__Try it__: Report each line of the records where "Poster" occurs.

----- Extracted material

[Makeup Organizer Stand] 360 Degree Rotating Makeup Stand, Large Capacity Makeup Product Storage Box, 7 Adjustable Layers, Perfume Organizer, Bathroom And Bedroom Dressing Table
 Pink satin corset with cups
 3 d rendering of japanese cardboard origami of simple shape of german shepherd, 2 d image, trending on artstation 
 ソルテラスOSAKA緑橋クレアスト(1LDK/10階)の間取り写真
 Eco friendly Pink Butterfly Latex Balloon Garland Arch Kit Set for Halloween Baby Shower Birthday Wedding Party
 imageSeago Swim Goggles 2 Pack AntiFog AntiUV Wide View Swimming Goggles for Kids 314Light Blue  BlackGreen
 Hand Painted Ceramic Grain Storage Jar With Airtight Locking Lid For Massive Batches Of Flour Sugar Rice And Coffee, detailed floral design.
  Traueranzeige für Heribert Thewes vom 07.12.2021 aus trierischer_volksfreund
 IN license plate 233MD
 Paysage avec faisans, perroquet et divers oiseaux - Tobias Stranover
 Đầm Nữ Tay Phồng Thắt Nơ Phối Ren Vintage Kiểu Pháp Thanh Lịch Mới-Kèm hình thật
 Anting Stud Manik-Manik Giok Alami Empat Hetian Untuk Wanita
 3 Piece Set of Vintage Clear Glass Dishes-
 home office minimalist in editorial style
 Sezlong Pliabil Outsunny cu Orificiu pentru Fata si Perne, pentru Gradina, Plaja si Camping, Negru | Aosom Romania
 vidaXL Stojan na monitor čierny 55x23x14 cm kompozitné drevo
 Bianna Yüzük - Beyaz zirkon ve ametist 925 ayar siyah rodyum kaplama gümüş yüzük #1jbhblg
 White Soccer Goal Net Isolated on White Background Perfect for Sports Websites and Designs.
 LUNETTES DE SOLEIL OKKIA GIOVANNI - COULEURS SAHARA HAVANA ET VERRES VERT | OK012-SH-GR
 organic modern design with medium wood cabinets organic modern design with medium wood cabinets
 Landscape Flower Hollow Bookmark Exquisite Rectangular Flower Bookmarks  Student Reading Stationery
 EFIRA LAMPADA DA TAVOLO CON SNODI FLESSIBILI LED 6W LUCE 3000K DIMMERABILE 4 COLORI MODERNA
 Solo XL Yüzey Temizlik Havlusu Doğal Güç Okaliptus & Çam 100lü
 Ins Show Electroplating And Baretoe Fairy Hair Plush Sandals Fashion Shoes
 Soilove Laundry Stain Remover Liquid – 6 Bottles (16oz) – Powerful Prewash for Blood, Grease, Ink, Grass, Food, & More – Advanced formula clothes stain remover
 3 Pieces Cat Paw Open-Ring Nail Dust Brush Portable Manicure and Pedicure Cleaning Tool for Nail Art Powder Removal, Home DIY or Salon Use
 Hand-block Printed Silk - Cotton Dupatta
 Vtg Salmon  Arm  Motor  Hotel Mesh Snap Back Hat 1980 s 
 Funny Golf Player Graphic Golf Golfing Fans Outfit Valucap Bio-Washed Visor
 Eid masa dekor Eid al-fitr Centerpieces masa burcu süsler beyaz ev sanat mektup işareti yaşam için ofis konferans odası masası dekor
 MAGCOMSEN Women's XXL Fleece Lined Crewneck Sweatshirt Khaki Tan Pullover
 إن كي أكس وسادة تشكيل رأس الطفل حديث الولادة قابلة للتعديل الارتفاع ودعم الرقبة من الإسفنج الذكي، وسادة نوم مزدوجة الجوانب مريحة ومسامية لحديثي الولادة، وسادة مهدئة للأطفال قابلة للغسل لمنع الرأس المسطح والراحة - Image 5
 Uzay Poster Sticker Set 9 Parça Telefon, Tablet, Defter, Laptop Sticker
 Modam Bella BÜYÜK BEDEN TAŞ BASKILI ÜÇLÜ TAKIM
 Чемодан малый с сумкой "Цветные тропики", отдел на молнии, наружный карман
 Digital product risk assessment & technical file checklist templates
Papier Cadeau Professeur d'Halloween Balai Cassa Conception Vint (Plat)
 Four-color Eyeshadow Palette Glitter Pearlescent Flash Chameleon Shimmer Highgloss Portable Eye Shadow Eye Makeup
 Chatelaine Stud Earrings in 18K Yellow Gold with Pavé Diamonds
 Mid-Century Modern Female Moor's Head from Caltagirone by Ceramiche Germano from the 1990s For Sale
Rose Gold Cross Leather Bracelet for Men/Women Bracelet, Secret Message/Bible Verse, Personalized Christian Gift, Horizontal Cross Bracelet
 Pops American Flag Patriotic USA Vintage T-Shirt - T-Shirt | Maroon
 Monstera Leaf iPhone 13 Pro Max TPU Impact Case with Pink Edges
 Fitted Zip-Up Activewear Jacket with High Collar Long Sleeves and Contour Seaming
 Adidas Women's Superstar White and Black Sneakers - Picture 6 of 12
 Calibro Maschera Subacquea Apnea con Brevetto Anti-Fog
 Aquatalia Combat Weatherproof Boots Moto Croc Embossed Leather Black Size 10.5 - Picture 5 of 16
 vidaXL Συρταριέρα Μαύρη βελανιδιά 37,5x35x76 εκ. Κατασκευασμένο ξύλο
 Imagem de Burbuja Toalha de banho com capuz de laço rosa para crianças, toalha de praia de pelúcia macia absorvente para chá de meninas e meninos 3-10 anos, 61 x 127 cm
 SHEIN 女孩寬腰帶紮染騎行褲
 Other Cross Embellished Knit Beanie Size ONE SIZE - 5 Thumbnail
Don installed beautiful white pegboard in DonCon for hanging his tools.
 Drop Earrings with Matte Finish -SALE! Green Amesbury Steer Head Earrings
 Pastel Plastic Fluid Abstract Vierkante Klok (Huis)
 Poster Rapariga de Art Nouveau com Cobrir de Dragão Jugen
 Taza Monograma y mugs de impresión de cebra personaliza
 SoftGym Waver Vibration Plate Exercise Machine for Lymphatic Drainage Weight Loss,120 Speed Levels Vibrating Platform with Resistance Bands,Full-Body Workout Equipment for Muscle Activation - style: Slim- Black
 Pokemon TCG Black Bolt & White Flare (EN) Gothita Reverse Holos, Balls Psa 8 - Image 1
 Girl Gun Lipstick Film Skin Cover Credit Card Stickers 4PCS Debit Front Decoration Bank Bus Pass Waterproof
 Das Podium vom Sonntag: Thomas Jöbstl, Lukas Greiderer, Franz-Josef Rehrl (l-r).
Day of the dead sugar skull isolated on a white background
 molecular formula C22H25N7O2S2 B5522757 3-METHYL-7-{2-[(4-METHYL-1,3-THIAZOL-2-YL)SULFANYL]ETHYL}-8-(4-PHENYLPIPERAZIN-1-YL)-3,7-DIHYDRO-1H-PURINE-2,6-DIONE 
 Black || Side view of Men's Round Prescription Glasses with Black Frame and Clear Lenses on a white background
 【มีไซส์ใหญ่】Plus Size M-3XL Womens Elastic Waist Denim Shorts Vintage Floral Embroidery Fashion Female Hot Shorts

----------

__Response__:
 Uzay Poster Sticker Set 9 Parça Telefon, Tablet, Defter, Laptop Sticker
 Poster Rapariga de Art Nouveau com Cobrir de Dragão Jugen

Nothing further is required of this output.